Strategic Communications

September 9, 2015

Most EU Council Presidencies come and go and are quickly forgotten. Sometimes however they are memorable because they conclude important and difficult dossiers, overcome long deadlocks or contribute to changing the overall direction or momentum of the EU. The upcoming Dutch Presidency in the first half of 2016 could stand out, not only because it comes at a time that the EU faces existential challenges such as the rise in Euroscepticism, the immigration crisis at the EU borders, the looming threat of Britain leaving the EU and the continuing economic crisis, with Grexit still a possibility, but also because it could be just the right Presidency at the right time. Together with the Dutch Public Affairs firm IvCB, FTI Consulting takes a closer look at the upcoming Presidency and analyses what it could mean for business.

The Ideal Presidency?
The rotating EU Council Presidencies have the role to chair Council meetings and to facilitate and drive the negotiations on the dossiers that are under discussion. The Dutch Presidency could carry out that role very successfully. As one of the EU’s founding Members, the Netherlands has already been responsible for 11 Council Presidencies. This, together with its famously efficient administration, should ensure that the six months run smoothly from an organisational point of view. The Netherlands is also particularly well prepared, having consulted many stakeholders on the key issues over the past years. Hence its ministries will be very familiar with the different positions on the key dossiers and should be able to chair negotiations effectively. It might also be an advantage that the Netherlands is a relatively small but highly respected country, placed geographically and in terms of substance between three major Member States – France, Germany and the UK – which could make it an ideal broker, a position strengthened by a culture of pragmatism and problem-solving.
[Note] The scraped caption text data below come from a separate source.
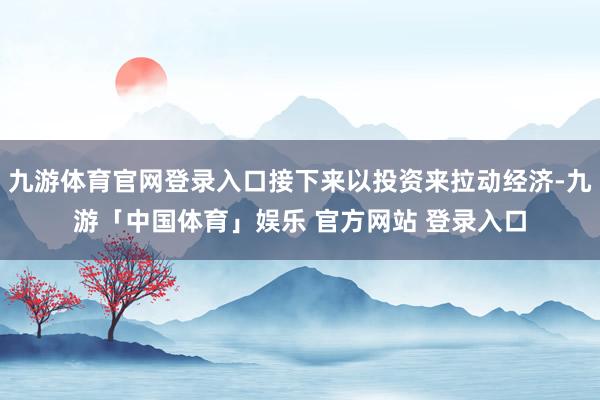 九游体育官网登录入口接下来以投资来拉动经济-九游「中国体育」娱乐 官方网站 登录入口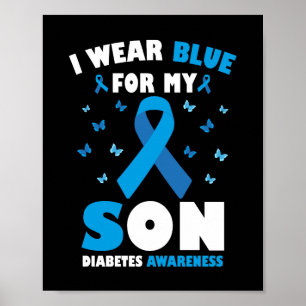 I Wear Blue For My Son Diabetes Awareness T1D Poster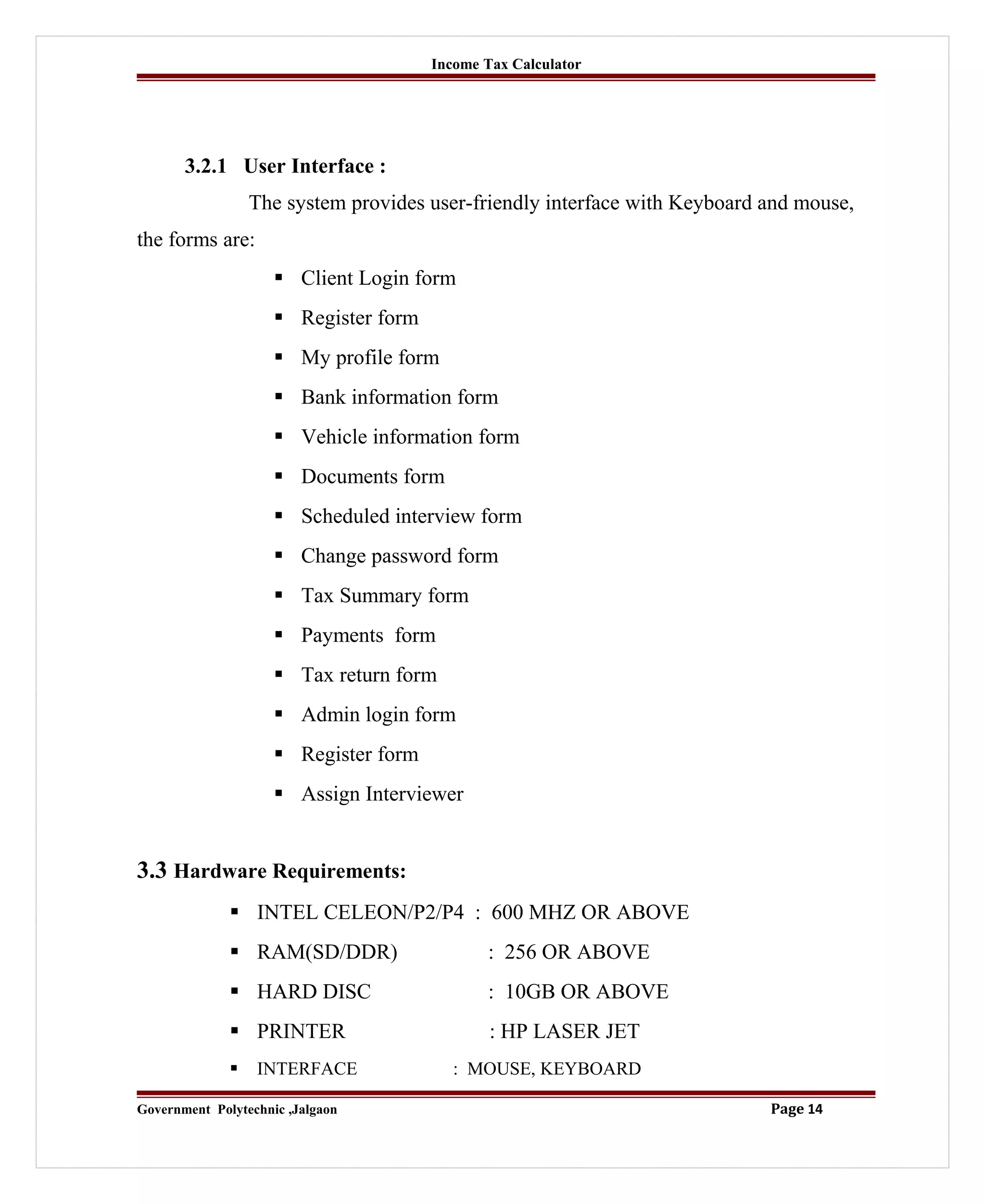 Income Tax Calculator
3.2.1 User Interface :
The system provides user-friendly interface with Keyboard and mouse,
the forms are:
 Client Login form
 Register form
 My profile form
 Bank information form
 Vehicle information form
 Documents form
 Scheduled interview form
 Change password form
 Tax Summary form
 Payments form
 Tax return form
 Admin login form
 Register form
 Assign Interviewer
3.3 Hardware Requirements:
 INTEL CELEON/P2/P4 : 600 MHZ OR ABOVE
 RAM(SD/DDR) : 256 OR ABOVE
 HARD DISC : 10GB OR ABOVE
 PRINTER : HP LASER JET
 INTERFACE : MOUSE, KEYBOARD
Government Polytechnic ,Jalgaon Page 14
 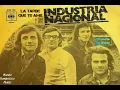 La Tarde Que Te Ame : Industria Nacional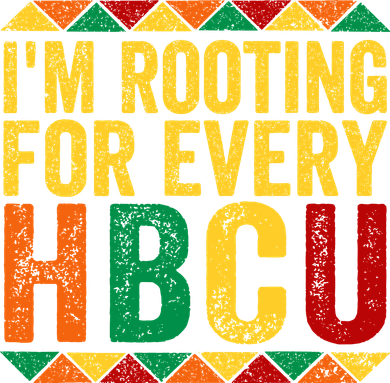 HBCU Black History Month I_m Rooting For Every HBCU T-Shirt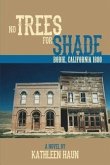 No Trees for Shade: Bodie, California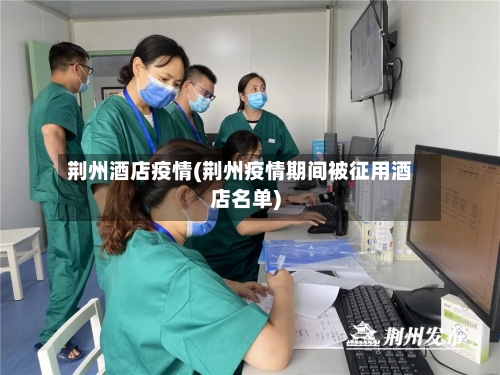 荆州酒店疫情(荆州疫情期间被征用酒店名单)-第3张图片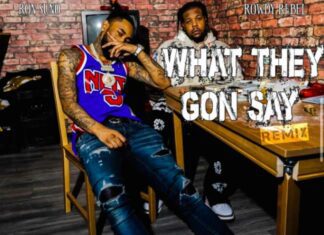 What They Gon Say (Remix) - Ron Suno Feat. Rowdy Rebel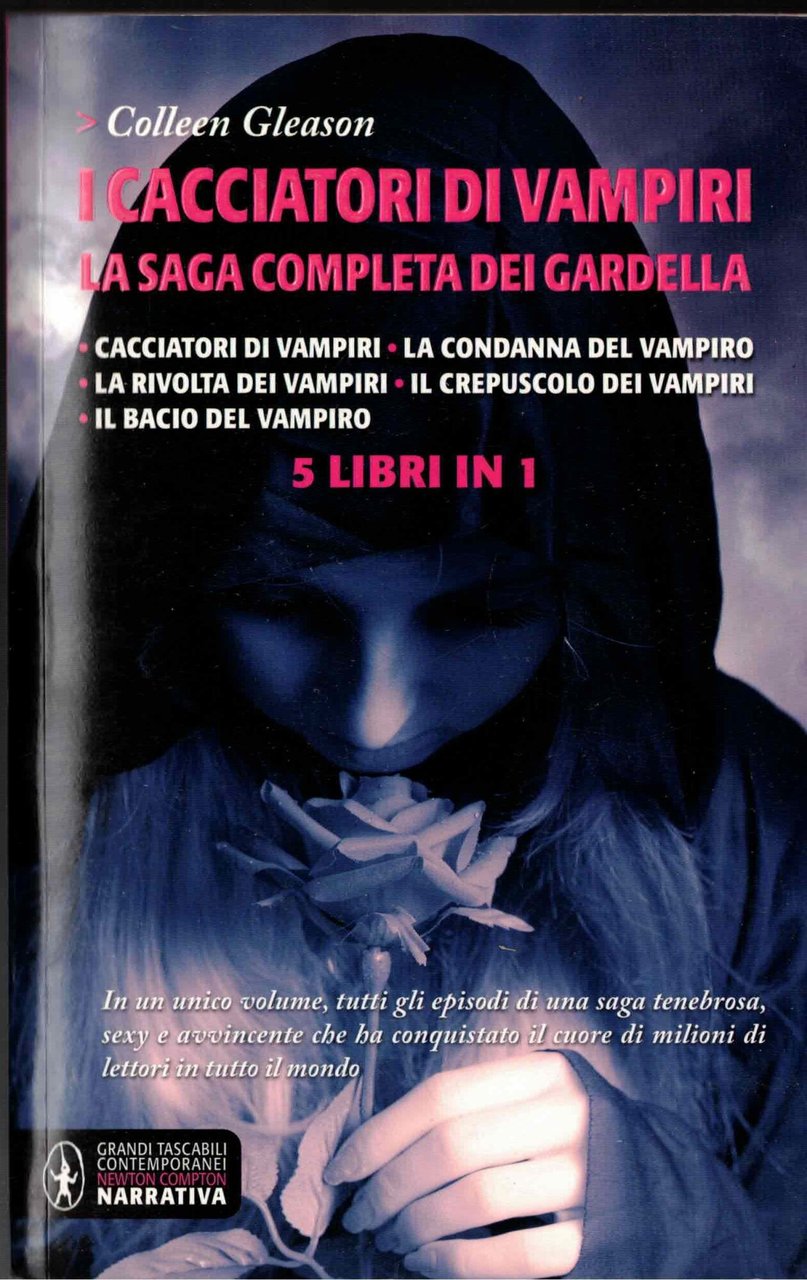 I cacciatori di vampiri. La saga completa dei Gardella: Cacciatori …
Most notably, some of the most influential EU officials in key positions are Dutch. Former Dutch Foreign Minister Frans Timmermans, First Vice-President of the European Commission and in charge of its better regulation agenda, is currently one of the most powerful officials in the EU. Together with fellow Dutchman Alexander Italianer, the European Commission’s Secretary-General, Timmermans has strong influence over the actual work of the Commission.